Join lines after specific word till another specific word - regex

I have a .txt file of a transcript that looks like this
MICHEAL: blablablabla.
further talk by Michael.
more talk by Michael.
VALERIE: blublublublu.
Valerie talks more.
MICHAEL: blibliblibli.
Michael talks again.
........
All in all this pattern goes on for up to 4000 lines and not just two speakers but with up to seven different speakers, all with unique names written with upper-case letters (as in the example above).
For some text mining I need to rearrange this .txt file in the following way
Join the lines following one speaker - but only the ones that still belong to him - so that the above file looks like this:
MICHAEL: blablablabla. further talk by Michael. more talk by Michael.
VALERIE: blublublublu. Valerie talks more.
MICHAEL: blibliblibli. Michael talks again.
Sort the now properly joined lines in the .txt file alphabetically, so that all lines spoken by a speaker are now together. But, the sort function should not sort the sentences spoken by one speaker (after having sorted each speakers lines together).
I know some basic vim commands, but not enough to figure this out. Especially, the first one. I do not know what kind of pattern I can implement in vim so that it only joins the lines of each speaker.
Any help would be greatly apperciated!

Alright, first the answer:
:g/^\u\+:/,/\n\u\+:\|\%$/join
And now the explanation:
g stands for global and executes the following command on every line that matches
/^\u+:/ is the pattern :g searches for : ^ is start of line, \u is a upper case character, + means one or more matches and : is unsurprisingly :
then comes the tricky bit, we make the executed command a range, from the match so some other pattern match. /\n\u+:\|\%$ is two parts parted by the pipe \| . \n\u+: is a new line followed by the last pattern, i.e. the line before the next speaker. \%$ is the end of the file
join does what it says on the tin
So to put it together: For each speaker, join until the line before the next speaker or the end of the file.
The closest to the sorting I now of is
:sort /\u+:/ r
which will only sort by speaker name and reverse the other line so it isn't really what you are looking for

Well I don't know much about vim, but I was about to match lines corresponding particular speaker and here is the regex for that.
Regex: /([A-Z]+:)([A-Za-z\s\.]+)(?!\1)$/gm
Explanation:
([A-Z]+:) captures the speaker's name which contains only capital letters.
([A-Za-z\s\.]+) captures the dialogue.
(?!\1)$ backreferences to the Speaker's name and compares if the next speaker was same as the last one. If not then it matches till the new speaker is found.
I hope this will help you with matching at least.

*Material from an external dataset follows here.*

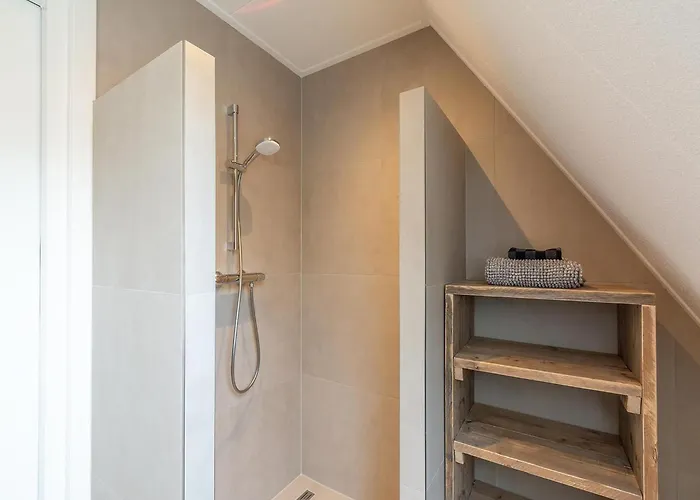 Seaside With Garden *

In vim you might take a two step approach, first replace all newlines.
:%s/\n\+/ /g
Then insert a new line before the terms UPPERCASE: except the first one:
:%s/ \([[:upper:]]\+:\)/\r\1/g
For the sorting you can leverage the UNIX sort program:
:%sort!
You can combine them using a pipe symbol:
:%s/\n\+/ /g | %s/ \([[:upper:]]\+:\)/\r\1/g | %!sort
and map them to a key in your vimrc file:
:nnoremap <F5> :%s/\n\+/ /g \| %s/ \([[:upper:]]\+:\)/\r\1/g \| %sort! <CR>
If you press F5 in normal mode, the transformation happens. Note that the | needs to get escaped in the nnoremap command.

Here is a script solution to your problem.
It's not well tested, so I added some comments so you can fix it easily.
To make it run, just:
fill the g:speakers var in the top of the script with the uppercase names you need;
source the script (ex: :sav /tmp/script.vim|so %);
run :call JoinAllSpeakLines() to join the lines by speakers;
run :call SortSpeakLines() to sort
You may adapt the different patterns to better fit your needs, for example adding some space tolerance (\u\{2,}\s*\ze:).
Here is the code:
" Fill the following array with all the speakers names:
let g:speakers = [ 'MICHAEL', 'VALERIE', 'MATHIEU' ]
call sort(g:speakers)
function! JoinAllSpeakLines()
" In the whole file, join all the lines between two uppercase speaker names
" followed by ':', first inclusive:
silent g/\u\{2,}:/call JoinSpeakLines__()
endf
function! SortSpeakLines()
" Sort the whole file by speaker, keeping the order for
" each speaker.
" Must be called after JoinAllSpeakLines().
" Create a new dict, with one key for each speaker:
let speakerlines = {}
for speaker in g:speakers
let speakerlines[speaker] = []
endfor
" For each line in the file:
for line in getline(1,'$')
let speaker = GetSpeaker__(line)
if speaker == ''
continue
endif
" Add the line to the right speaker:
call add(speakerlines[speaker], line)
endfor
" Delete everything in the current buffer:
normal gg"_dG
" Add the sorted lines, speaker by speaker:
for speaker in g:speakers
call append(line('$'), speakerlines[speaker])
endfor
" Delete the first (empty) line in the buffer:
normal gg"_dd
endf
function! GetOtherSpeakerPattern__(speaker)
" Returns a pattern which matches all speaker names, except the
" one given as a parameter.
" Create an new list with a:speaker removed:
let others = copy(g:speakers)
let idx = index(others, a:speaker)
if idx != -1
call remove(others, idx)
endif
" Create and return the pattern list, which looks like
" this : "\v<MICHAEL>|<VALERIE>..."
call map(others, 'printf("<%s>:",v:val)')
return '\v' . join(others, '|')
endf
function! GetSpeaker__(line)
" Returns the uppercase name followed by a ':' in a line
return matchstr(a:line, '\u\{2,}\ze:')
endf
function! JoinSpeakLines__()
" When cursor is on a line with an uppercase name, join all the
" following lines until another uppercase name.
let speaker = GetSpeaker__(getline('.'))
if speaker == ''
return
endif
normal V
" Search for other names after the cursor line:
let srch = search(GetOtherSpeakerPattern__(speaker), 'W')
echo srch
if srch == 0
" For the last one only:
normal GJ
else
normal kJ
endif
endf

Related

RegEx to format Wikipedia's infoboxes code [SOLVED]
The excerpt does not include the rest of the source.